Ninguém me ama a ponto de ser eu


Fiz o que era mais urgente: uma prece. Rezo para achar o meu verdadeiro caminho. 

Mas descobri que não me entrego totalmente à prece, parece-me que sei que o verdadeiro caminho é com dor. 

Há uma lei secreta e para mim incompreensível: só através do sofrimento se encontra a felicidade. 

Tenho medo de mim pois sou sempre apta a poder sofrer. Se eu não me amar estarei perdida — porque ninguém me ama a ponto de ser eu, de me ser. 

Tenho que me querer para dar alguma coisa a mim. Tenho que valer alguma coisa?

Oh protegei-me de mim mesma, que me persigo. Valho qualquer coisa em relação aos outros — mas em relação a mim, sou nada. 

É tão bom ter a quem pedir. Nem me incomodo muito se eu não for totalmente atendida. 
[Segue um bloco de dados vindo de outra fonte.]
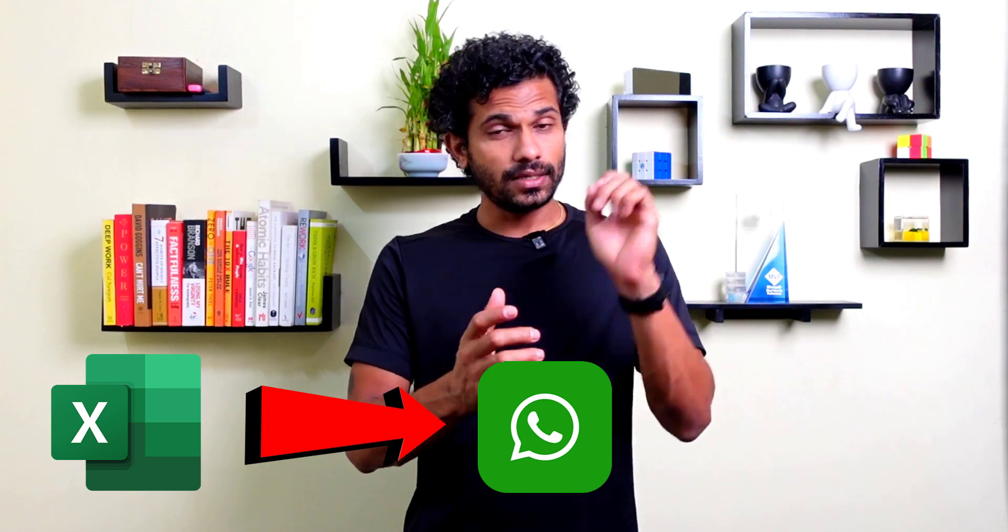In this video, we will see how to send WhatsApp messages using Microsoft Excel. Note that this technique will be useful for those who want to send the same but customized messages to multiple persons.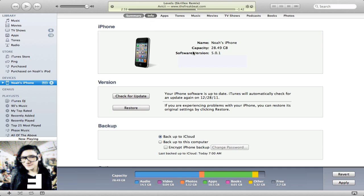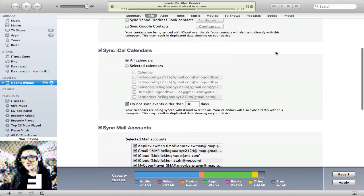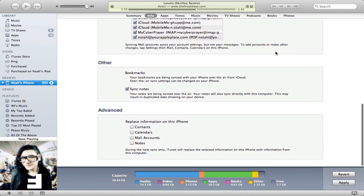So, go over here to info, and you scroll down to the bottom, and on here it'll say sync notes, and you want to have that checked.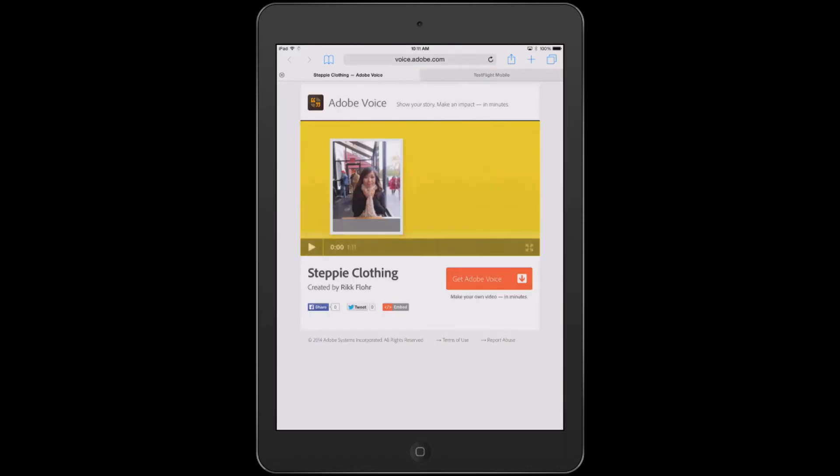And if I were Steppy Clothing and I wanted to put this video on my webpage, I've got the ability to do that through Adobe Voice. Down at the bottom is an orange and gray box with the word embed.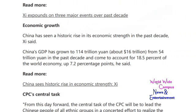I'm just going to keep scrolling down. You can click here to read more about China's three major events over the past decades, followed by China's historic rise in economic strength.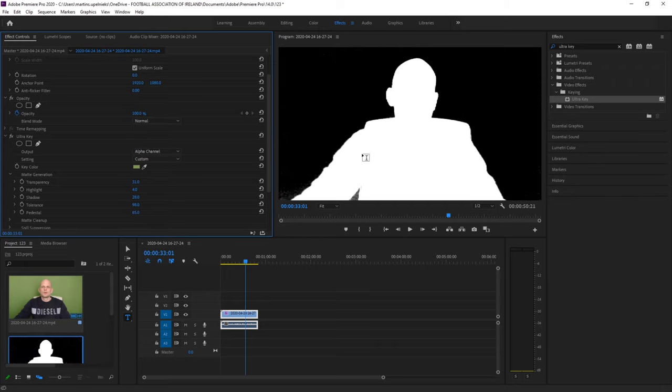Now you can see that this object is white which I want to see on screen and all the rest is black.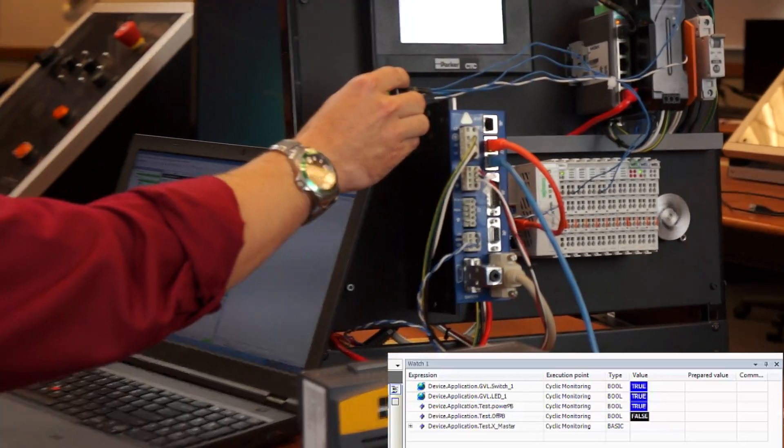All right, I'll send that back to Bill. Thanks for checking out our video. I hope you learned a little bit about how easy it is to hook up external devices to the PAC controller. Tune in soon for more helpful videos.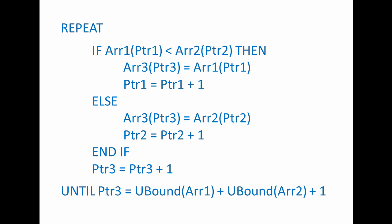Inside the loop, I have an if block which compares individual items in the source arrays given by the current values of PTR1 and PTR2. Whichever is the smaller is copied to the target array, and the relevant pointer is incremented. PTR3, you can see, is incremented unconditionally each time we pass through the loop.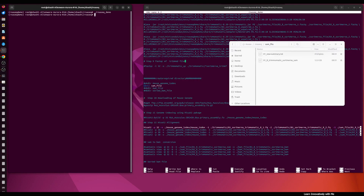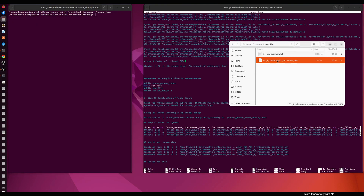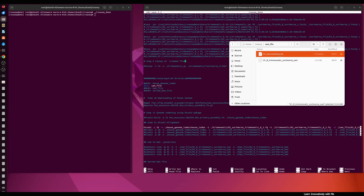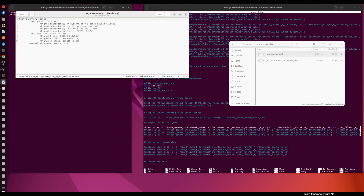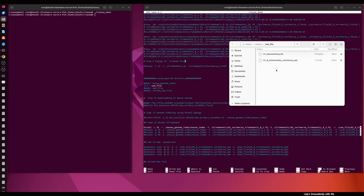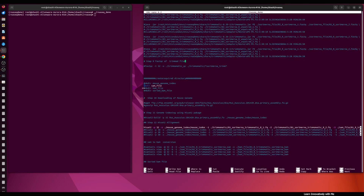The alignment is complete for read 1 and read 2 for sample 1. You can see the SAM file here at 12.0 gigabytes. If you open the summary file you will get the details of the alignment. In this way you can align your FASTQ files in the conda environment using the HISAT2 tool. Now I'm going to comment out this command in the script and move to the next step: SAM to BAM conversion.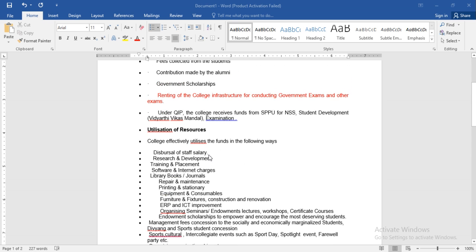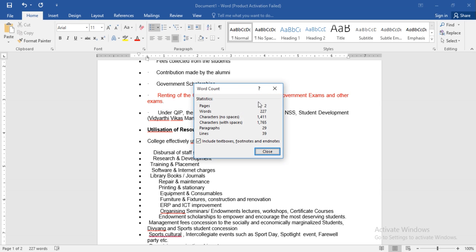When you are typing in Microsoft Word, here at the end of this page, you will get the number of words. Just click here, and you will get the information: number of words, pages, characters without spaces and with spaces, paragraphs and lines.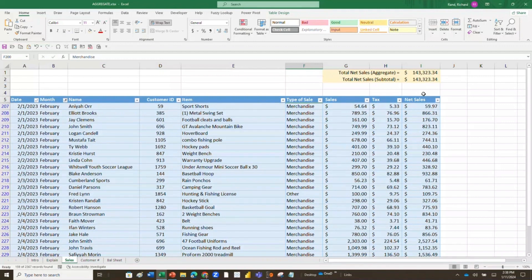Remember: AGGREGATE can be set up to ignore hidden rows, but SUBTOTAL with option 9 does not — it still adds hidden data in. So if you're manually hiding rows to focus on specific data, SUBTOTAL is not the function you want — use AGGREGATE instead. Let me show you another case where AGGREGATE becomes very helpful.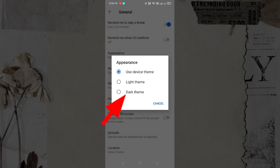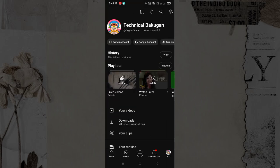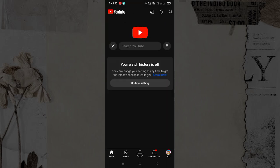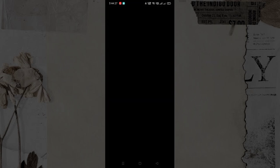Here, select the dark theme, and your YouTube app UI will be changed to the dark mode. To turn it back, this time choose light theme.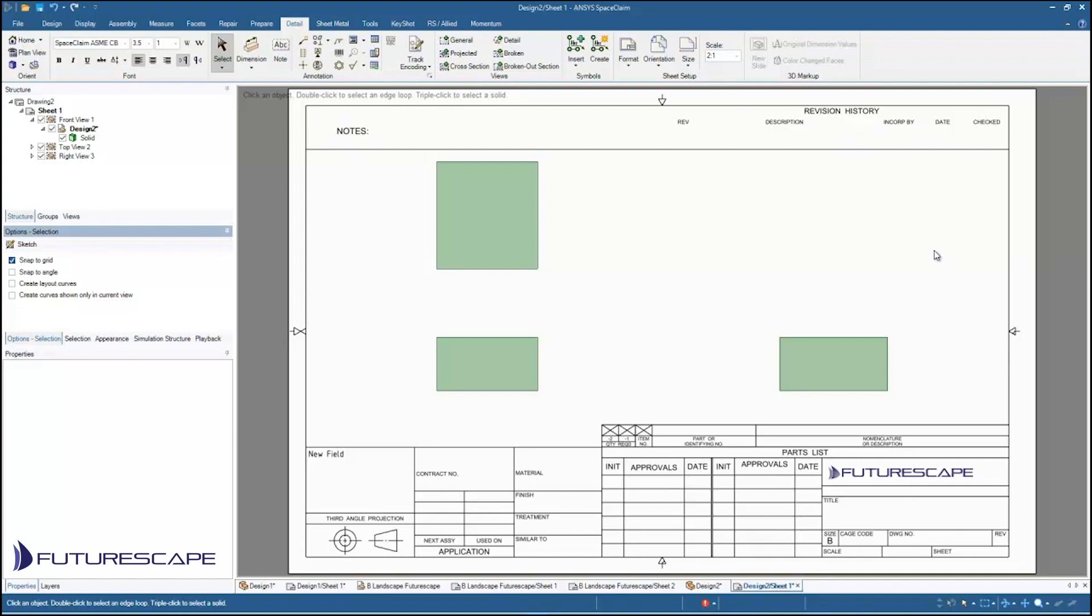So that's basically it. That's how you create your own custom template and use it in your future designs. So I hope that was helpful. Thank you very much for watching.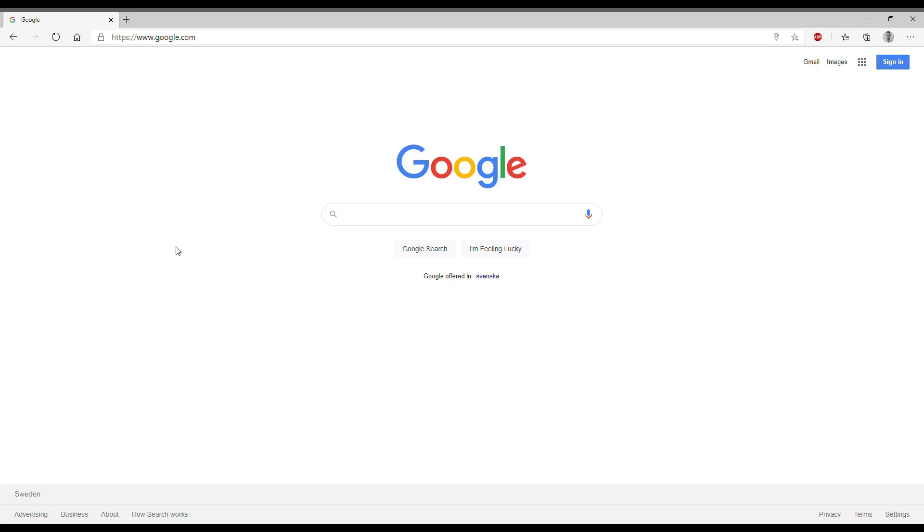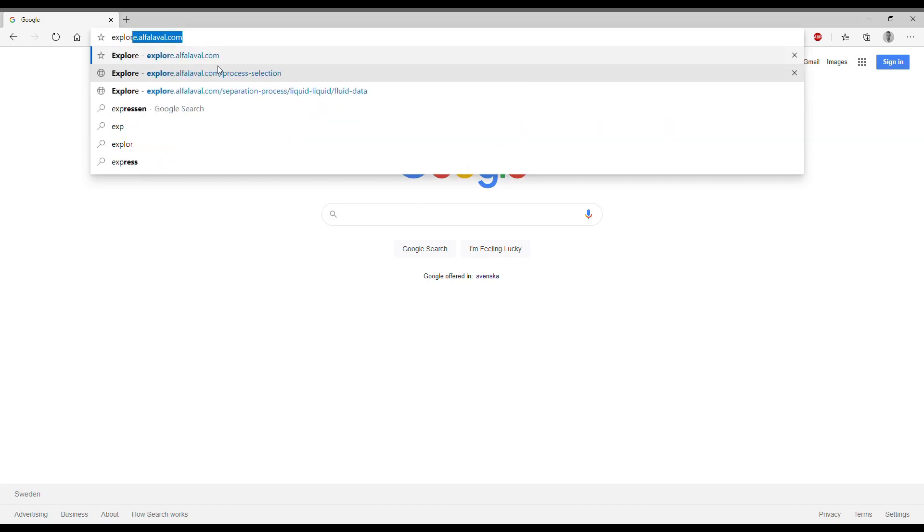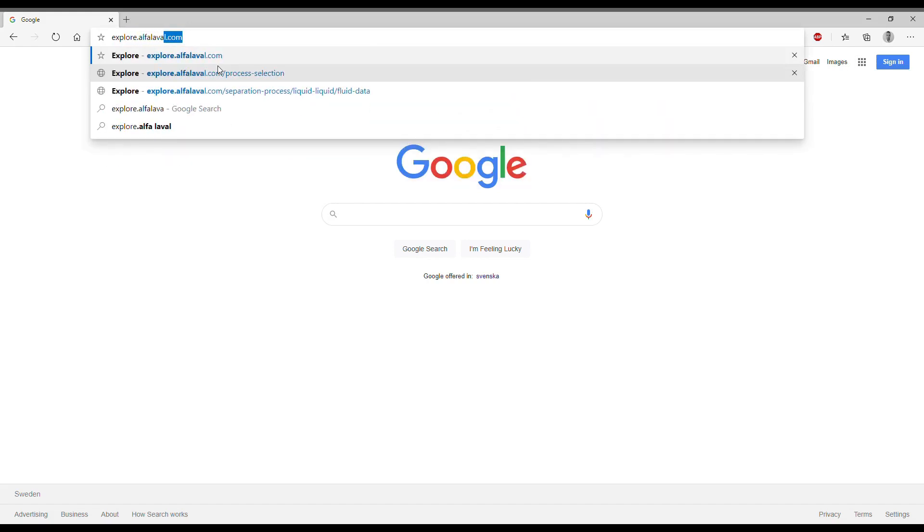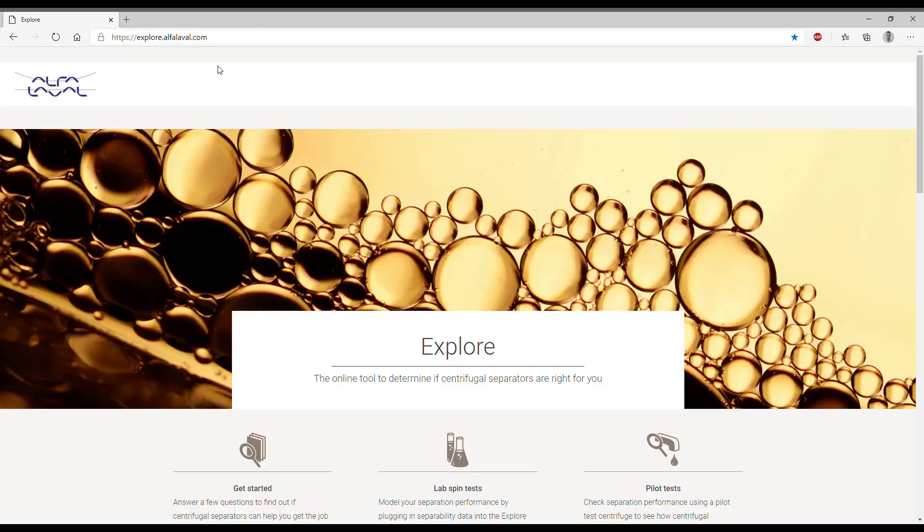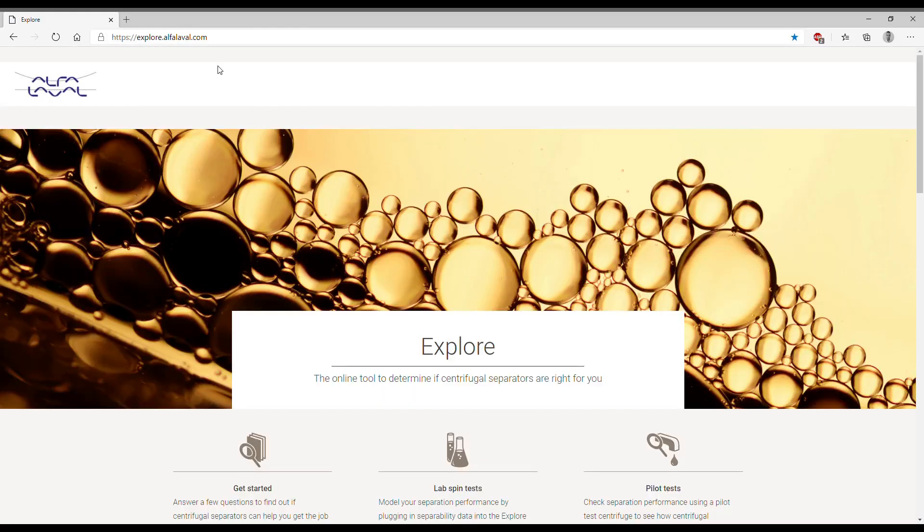We need to start from the home page of our web browser going up into the address bar and type explore.alphalaval.com. When we press enter we reach the home page of our main portal.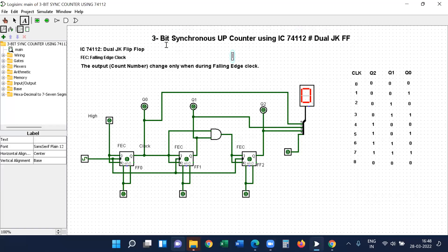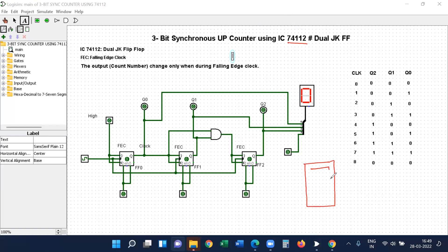Hello guys. In this video I will explain how to simulate a 3-bit synchronous up counter using IC74112, that is a dual JK flip-flop IC. In the last three videos we have seen about asynchronous up or down counters and truncated sequence counters also using 74112 IC, which is a dual JK type of flip-flop. IC74112 consists of two flip-flops inside: JK1 and JK2, so each IC has two flip-flops.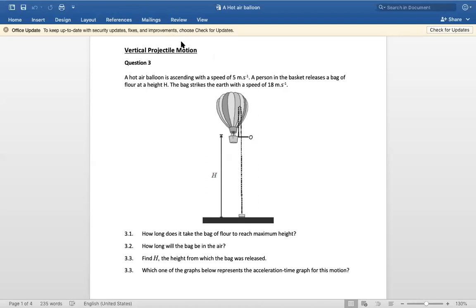We will begin our lesson for today: vertical projectile motion. This is usually question three in the exam paper, but it may change depending on how they set the paper. A hot air balloon is ascending with a speed of five meters per second. A person in the basket releases a bag of flour at height h. The bag strikes the earth with a speed of 18 meters per second — so the balloon is going up and the bag ends up going down.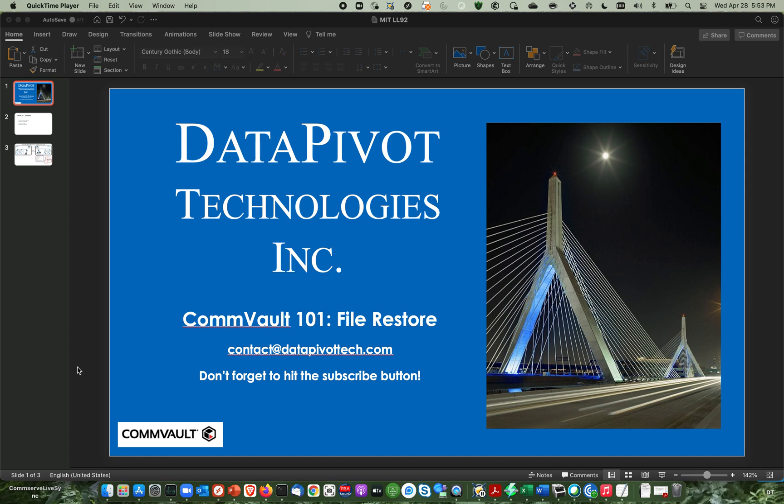Hi, my name is Jim Byrne, Principal Systems Engineer for Data Pivot Technologies. Today, we're going to be going over a simple file restore as part of our Commvault 101 series, just basic things you want to do for Commvault.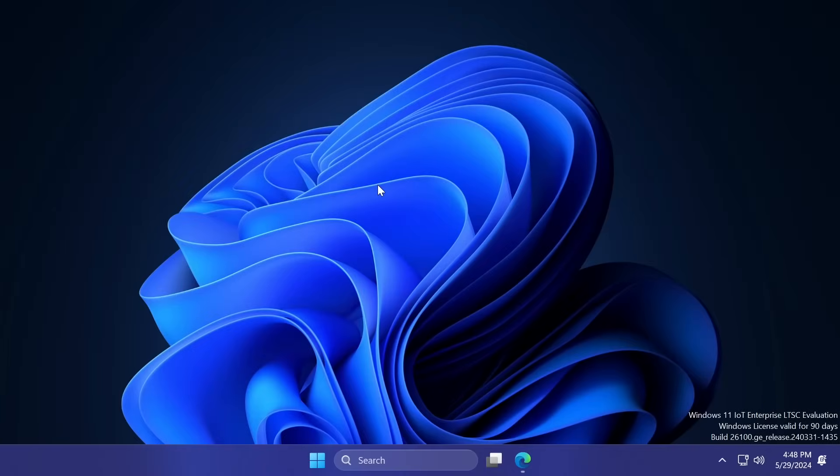Hi guys, welcome to TechBased. In this video, we're going to talk about the new Windows 11 24H2 Enterprise LTSC edition, which basically stands for Windows 11 Enterprise Long Time Support.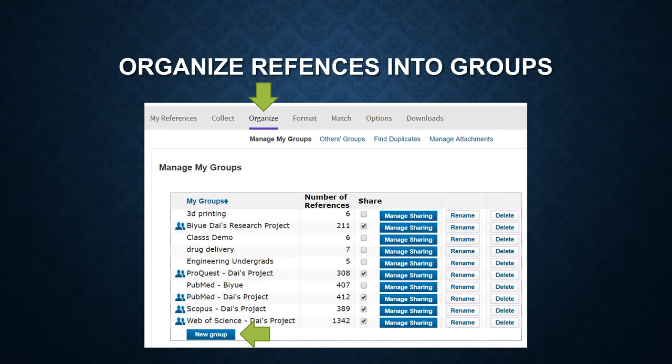Then you can name a new group. You can also share some of the groups with other people. Click on Manage Sharing, and then you are prompted to type other people's email addresses. You can also rename the group or delete a group.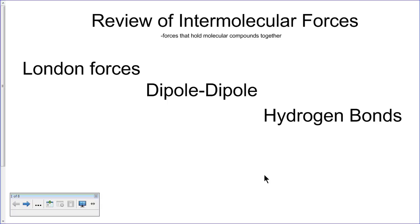In this lesson we're going to examine the properties of organic molecules. This is a review of topics from grade 11. We are going to apply intermolecular forces ideas to organic molecules and review the properties of melting point, boiling point, and solubility, and how they apply to organic molecules. We'll then be able to compare these properties among a group of organic molecules or identify organic molecules based on the properties that they have.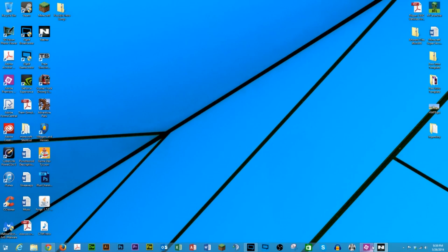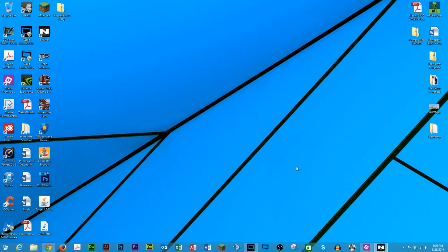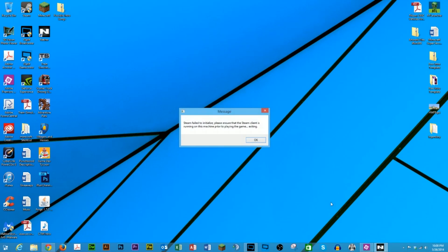If you click the Nether icon in the taskbar again, it will briefly open up to a full black screen, and then once again minimize back to the taskbar. If you right-click the Nether icon in the taskbar and select Nether, you'll be presented with the following error.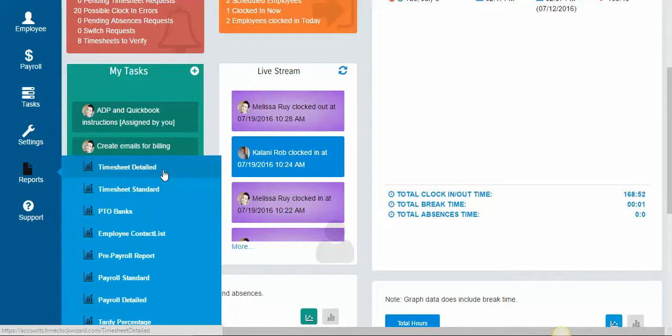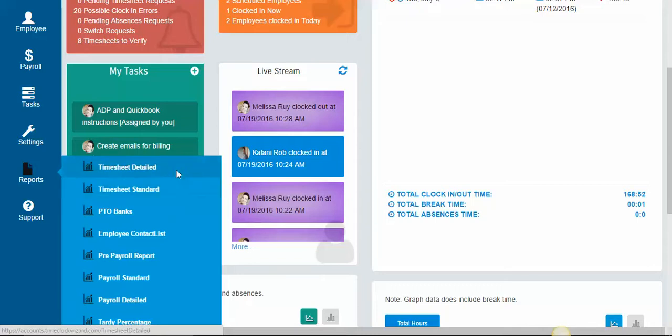The difference between the two is the detailed report will provide you with the location, the IP address, and any information that's considered to be detailed, and the standard is just going to give you some totals.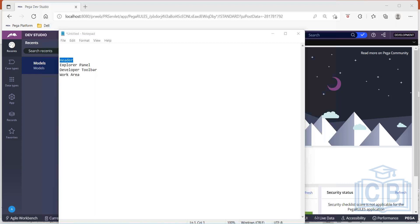When you look at the developer toolbar, you'll have only a limited set of actions available on the app studio. So let's go ahead and try to create our first Pega application.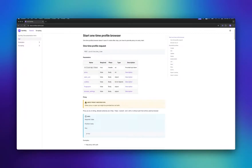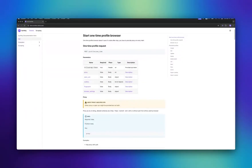To start a profile, it requires either a proxy or VPN config. When assigned to a profile, the proxy generates configuration and fingerprint based on geodata, automatically setting languages, time zones, and geolocation.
Eu peço a Deus para eu ser mais bonita — e não é que meu olho faísca ao mesmo tempo que meus lábios parecem mais doces e cheios? 

Eu peço a Deus tudo o que eu quero e preciso. É o que me cabe. 

Ser ou não ser atendida — isso não me cabe a mim, isto já é matéria-mágica que se me dá ou se retrai. Obstinada, eu rezo. 

Eu não tenho o poder. Tenho a prece.